**** Data excerpts

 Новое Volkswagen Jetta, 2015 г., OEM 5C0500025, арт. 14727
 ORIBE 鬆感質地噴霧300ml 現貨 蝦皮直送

********
**** Data excerpts

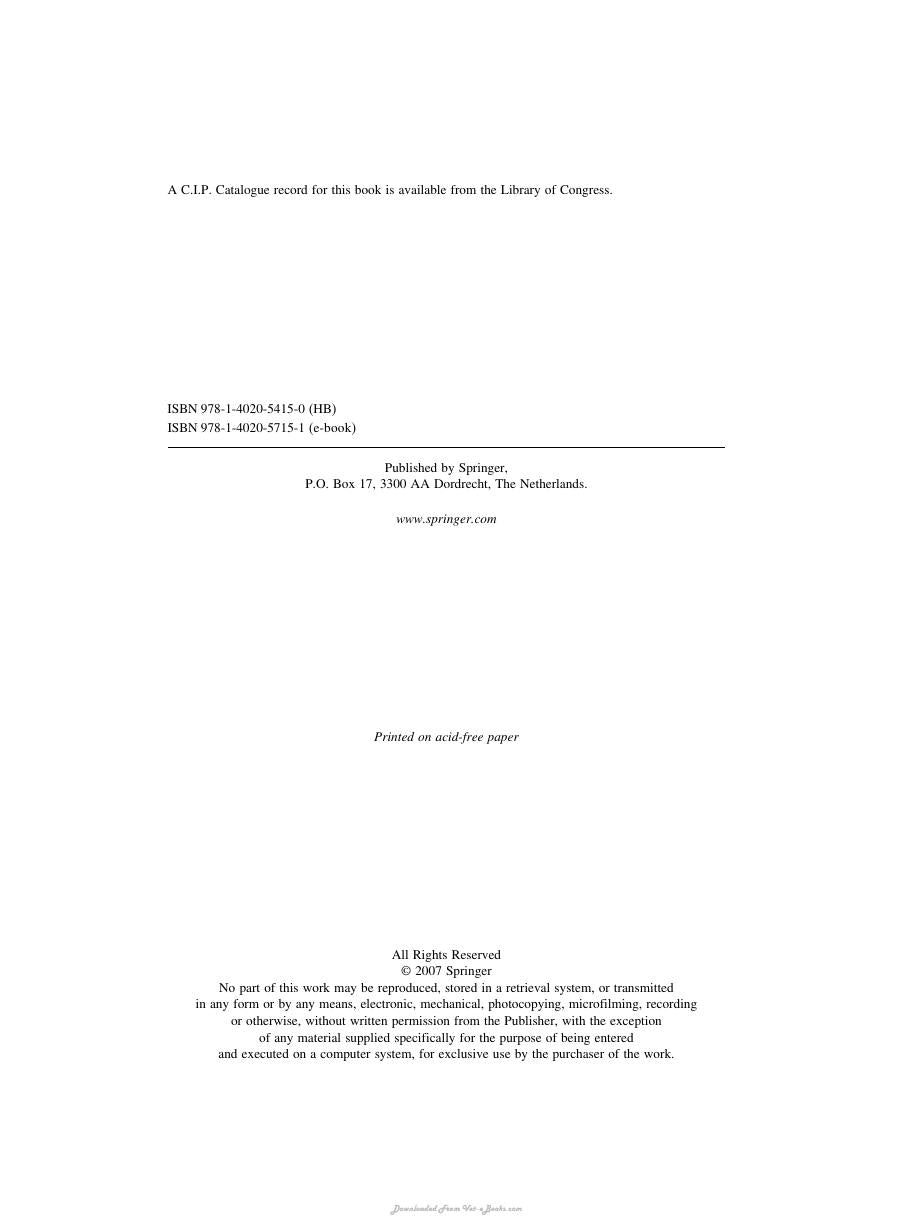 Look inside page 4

********

* What you have to do
Among the lines above, find the one with "Новое Volkswagen Jetta, 2015" and the one with "ORIBE 鬆感質地噴霧300ml 現貨 蝦皮直送". Quote both and everything between them, exactly.

* Result of the exercise
 Новое Volkswagen Jetta, 2015 г., OEM 5C0500025, арт. 14727
 ORIBE 鬆感質地噴霧300ml 現貨 蝦皮直送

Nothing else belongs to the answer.